Benefits of Abstraction in the Employee Example:

1. Flexibility:New employee types (such as contractors or interns) can be easily added without altering the existing code. Simply implement the IEmployee interface or extend the Employee abstract class to introduce new variations.


2. Loose Coupling: The client code doesn't need to be concerned with the specific type of employee. It interacts only with the IEmployee interface or the Employee abstract class, making the system more modular and adaptable to future changes.


3. Code Reusability: Common functionality, like the DisplayDetails() method, can be reused by all employee types. At the same time, each specific employee type can implement its own salary calculation logic, ensuring that unique behaviors are preserved while shared code is reused.

Real-World Example 🌍

Think of a coffee machine:

• You press a button → Get coffee


• You don't need to know:


1. How water is heated


2. How beans are ground


3. How milk is frothed

That's exactly what we're doing with our code! The complex details are hidden, but everything still works perfectly.

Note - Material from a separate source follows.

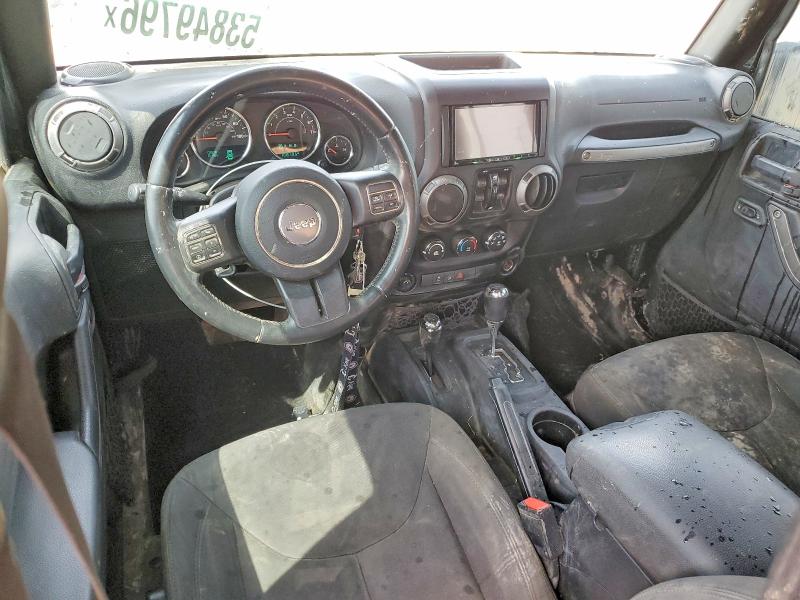 Продажа на аукционе авто 2016 Jeep Wrangler Unlimited, vin: 1C4BJWDGXGL204748, номер лота: 53849796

Abstraction in C# enables you to focus on what an employee does (such as calculating salary or displaying details) while concealing the underlying implementation details (like whether the employee is full-time or part-time). You can implement abstraction using abstract classes or interfaces based on the specific needs of your application, providing flexibility and maintainability in your code design.